What to produce:
Set down exactly the lines below between the line holding "Cecotec HairCare Revitalize" and the line holding "Таблетница карманная прямоугольная", inclusive; no other line belongs in the answer.
*** Provided entries ***
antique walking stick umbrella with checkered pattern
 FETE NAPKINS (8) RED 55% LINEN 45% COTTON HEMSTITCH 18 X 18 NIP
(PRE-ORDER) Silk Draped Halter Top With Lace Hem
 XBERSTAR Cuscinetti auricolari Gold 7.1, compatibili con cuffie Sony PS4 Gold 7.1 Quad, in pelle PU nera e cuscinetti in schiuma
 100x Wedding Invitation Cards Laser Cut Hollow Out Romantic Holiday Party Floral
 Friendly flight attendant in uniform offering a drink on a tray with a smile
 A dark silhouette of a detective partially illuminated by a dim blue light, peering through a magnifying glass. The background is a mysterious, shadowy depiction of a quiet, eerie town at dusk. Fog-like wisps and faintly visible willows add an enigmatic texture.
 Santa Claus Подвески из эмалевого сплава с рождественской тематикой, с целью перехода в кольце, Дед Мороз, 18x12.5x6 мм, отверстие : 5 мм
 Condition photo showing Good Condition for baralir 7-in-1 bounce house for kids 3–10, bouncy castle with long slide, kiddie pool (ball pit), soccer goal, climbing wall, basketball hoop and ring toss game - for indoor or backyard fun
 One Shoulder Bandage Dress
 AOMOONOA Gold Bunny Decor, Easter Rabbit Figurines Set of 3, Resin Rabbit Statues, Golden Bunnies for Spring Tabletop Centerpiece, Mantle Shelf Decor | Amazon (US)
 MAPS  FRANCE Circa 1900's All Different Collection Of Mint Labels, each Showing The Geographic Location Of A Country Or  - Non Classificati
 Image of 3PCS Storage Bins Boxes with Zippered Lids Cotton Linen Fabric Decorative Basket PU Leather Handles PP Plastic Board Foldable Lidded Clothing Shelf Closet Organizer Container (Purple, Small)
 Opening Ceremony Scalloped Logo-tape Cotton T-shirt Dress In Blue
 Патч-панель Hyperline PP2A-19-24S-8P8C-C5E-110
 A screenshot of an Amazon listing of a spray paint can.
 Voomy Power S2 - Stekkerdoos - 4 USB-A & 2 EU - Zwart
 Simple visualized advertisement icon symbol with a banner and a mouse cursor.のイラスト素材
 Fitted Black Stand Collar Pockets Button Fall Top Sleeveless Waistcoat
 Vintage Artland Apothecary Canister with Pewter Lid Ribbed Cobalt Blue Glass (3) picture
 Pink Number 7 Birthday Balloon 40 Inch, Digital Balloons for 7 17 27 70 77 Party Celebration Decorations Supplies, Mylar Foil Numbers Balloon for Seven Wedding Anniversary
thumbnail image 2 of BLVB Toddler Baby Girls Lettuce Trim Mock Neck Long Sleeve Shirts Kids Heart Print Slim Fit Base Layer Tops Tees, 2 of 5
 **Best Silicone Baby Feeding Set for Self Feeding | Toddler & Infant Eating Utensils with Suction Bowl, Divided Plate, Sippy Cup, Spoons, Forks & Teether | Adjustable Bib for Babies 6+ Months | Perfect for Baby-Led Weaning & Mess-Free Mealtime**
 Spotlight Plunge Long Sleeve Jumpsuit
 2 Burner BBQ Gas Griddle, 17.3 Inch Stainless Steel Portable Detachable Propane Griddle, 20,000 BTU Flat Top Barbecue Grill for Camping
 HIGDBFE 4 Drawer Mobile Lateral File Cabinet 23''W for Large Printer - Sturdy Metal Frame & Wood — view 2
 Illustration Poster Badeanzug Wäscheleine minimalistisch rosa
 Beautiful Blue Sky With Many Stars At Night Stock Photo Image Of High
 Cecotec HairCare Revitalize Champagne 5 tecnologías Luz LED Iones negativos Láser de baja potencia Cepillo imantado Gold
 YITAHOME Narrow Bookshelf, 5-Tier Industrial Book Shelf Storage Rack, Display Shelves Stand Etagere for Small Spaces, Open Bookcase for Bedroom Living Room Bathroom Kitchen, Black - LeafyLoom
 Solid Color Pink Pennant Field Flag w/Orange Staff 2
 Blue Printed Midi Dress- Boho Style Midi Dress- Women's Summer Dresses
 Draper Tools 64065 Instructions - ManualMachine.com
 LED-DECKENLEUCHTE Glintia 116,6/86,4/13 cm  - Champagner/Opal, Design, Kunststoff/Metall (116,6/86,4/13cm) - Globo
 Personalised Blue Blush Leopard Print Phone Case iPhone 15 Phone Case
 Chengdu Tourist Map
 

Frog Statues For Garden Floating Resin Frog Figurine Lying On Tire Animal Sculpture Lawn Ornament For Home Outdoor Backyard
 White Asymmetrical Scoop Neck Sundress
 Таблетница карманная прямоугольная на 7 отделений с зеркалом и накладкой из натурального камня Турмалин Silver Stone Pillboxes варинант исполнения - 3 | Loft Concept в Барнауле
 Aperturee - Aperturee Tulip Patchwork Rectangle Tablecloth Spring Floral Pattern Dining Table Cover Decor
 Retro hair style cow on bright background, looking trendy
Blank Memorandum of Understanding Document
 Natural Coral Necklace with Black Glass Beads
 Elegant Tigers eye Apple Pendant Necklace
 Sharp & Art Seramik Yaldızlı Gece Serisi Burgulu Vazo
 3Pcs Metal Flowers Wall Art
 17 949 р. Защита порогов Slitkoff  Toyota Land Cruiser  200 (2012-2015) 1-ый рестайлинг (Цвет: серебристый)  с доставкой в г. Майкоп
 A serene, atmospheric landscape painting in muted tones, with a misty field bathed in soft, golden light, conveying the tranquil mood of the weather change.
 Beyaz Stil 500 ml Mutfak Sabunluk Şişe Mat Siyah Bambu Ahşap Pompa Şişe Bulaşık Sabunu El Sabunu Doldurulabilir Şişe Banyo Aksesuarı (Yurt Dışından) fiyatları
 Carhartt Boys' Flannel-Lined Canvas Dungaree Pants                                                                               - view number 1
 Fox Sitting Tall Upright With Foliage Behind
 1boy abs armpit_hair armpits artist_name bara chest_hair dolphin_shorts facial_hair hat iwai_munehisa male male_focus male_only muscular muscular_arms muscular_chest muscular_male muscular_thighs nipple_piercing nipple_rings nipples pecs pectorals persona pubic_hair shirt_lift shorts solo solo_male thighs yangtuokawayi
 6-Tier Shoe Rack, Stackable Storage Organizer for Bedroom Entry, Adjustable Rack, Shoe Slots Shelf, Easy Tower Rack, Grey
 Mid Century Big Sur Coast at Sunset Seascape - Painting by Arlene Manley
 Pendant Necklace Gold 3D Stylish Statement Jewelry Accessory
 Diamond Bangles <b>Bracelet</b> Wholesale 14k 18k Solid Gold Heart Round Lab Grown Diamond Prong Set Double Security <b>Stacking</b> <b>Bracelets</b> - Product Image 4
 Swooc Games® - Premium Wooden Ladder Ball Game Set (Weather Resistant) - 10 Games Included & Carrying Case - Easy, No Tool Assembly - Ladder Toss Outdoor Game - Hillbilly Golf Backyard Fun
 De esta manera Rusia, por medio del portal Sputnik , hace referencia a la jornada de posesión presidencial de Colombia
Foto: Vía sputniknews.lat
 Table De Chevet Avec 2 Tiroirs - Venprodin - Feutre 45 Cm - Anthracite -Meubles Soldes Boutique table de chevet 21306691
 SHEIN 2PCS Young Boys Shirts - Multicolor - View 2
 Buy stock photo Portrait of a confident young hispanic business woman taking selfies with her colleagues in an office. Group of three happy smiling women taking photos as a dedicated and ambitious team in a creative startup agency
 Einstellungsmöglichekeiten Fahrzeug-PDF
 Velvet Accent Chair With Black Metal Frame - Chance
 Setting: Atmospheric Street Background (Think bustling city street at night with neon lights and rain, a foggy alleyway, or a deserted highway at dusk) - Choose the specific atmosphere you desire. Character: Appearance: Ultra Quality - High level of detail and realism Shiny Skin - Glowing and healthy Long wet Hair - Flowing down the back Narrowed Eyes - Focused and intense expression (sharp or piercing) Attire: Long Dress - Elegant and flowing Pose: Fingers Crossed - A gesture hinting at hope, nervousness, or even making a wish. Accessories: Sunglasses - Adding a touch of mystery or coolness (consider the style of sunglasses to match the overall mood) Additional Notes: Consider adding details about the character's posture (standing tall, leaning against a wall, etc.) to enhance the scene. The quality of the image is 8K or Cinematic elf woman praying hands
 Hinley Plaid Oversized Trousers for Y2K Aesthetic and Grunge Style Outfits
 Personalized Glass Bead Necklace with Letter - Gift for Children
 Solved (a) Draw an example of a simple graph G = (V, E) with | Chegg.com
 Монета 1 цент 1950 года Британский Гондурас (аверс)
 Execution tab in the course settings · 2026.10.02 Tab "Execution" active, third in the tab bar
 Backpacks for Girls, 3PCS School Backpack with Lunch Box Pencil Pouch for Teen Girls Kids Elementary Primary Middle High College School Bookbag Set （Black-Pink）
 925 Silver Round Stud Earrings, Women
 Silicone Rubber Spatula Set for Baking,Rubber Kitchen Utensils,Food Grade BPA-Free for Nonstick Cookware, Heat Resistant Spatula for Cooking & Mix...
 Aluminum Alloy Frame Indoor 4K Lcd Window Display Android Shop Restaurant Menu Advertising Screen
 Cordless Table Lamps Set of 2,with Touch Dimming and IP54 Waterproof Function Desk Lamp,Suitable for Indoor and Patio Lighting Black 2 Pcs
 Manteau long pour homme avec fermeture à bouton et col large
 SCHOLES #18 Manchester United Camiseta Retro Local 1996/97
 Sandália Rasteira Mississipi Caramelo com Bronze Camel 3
*** End of Provided entries ***
Your solution:
 Cecotec HairCare Revitalize Champagne 5 tecnologías Luz LED Iones negativos Láser de baja potencia Cepillo imantado Gold
 YITAHOME Narrow Bookshelf, 5-Tier Industrial Book Shelf Storage Rack, Display Shelves Stand Etagere for Small Spaces, Open Bookcase for Bedroom Living Room Bathroom Kitchen, Black - LeafyLoom
 Solid Color Pink Pennant Field Flag w/Orange Staff 2
 Blue Printed Midi Dress- Boho Style Midi Dress- Women's Summer Dresses
 Draper Tools 64065 Instructions - ManualMachine.com
 LED-DECKENLEUCHTE Glintia 116,6/86,4/13 cm  - Champagner/Opal, Design, Kunststoff/Metall (116,6/86,4/13cm) - Globo
 Personalised Blue Blush Leopard Print Phone Case iPhone 15 Phone Case
 Chengdu Tourist Map
 

Frog Statues For Garden Floating Resin Frog Figurine Lying On Tire Animal Sculpture Lawn Ornament For Home Outdoor Backyard
 White Asymmetrical Scoop Neck Sundress
 Таблетница карманная прямоугольная на 7 отделений с зеркалом и накладкой из натурального камня Турмалин Silver Stone Pillboxes варинант исполнения - 3 | Loft Concept в Барнауле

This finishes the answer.